**What you need to do:** Give back exactly the lines from the one containing "Days Gone Gra" through the end of the records, including both, and no others.

(Caption-style text data)
Content starts

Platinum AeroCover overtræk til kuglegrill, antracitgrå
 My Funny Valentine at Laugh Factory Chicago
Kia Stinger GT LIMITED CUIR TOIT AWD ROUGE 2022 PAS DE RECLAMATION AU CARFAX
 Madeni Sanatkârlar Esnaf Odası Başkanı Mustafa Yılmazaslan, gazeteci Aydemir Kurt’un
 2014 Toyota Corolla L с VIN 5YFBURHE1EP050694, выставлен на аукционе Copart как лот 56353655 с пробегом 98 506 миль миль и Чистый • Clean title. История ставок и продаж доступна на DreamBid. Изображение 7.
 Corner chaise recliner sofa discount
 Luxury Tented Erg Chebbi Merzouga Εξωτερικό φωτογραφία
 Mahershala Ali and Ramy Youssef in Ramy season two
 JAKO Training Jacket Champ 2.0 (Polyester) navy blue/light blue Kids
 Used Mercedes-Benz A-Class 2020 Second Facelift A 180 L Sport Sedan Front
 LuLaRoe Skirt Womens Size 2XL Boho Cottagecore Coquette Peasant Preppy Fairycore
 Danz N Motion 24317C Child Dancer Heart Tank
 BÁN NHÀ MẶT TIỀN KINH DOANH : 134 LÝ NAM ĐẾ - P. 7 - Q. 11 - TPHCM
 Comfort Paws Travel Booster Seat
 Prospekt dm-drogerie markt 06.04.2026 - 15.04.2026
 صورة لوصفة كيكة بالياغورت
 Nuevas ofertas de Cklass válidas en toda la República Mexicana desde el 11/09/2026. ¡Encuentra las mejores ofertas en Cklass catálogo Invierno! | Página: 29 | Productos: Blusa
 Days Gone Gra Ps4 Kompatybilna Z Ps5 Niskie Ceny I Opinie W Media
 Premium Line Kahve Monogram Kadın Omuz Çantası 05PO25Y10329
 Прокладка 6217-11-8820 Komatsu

Content ends

**Final answer:**
 Days Gone Gra Ps4 Kompatybilna Z Ps5 Niskie Ceny I Opinie W Media
 Premium Line Kahve Monogram Kadın Omuz Çantası 05PO25Y10329
 Прокладка 6217-11-8820 Komatsu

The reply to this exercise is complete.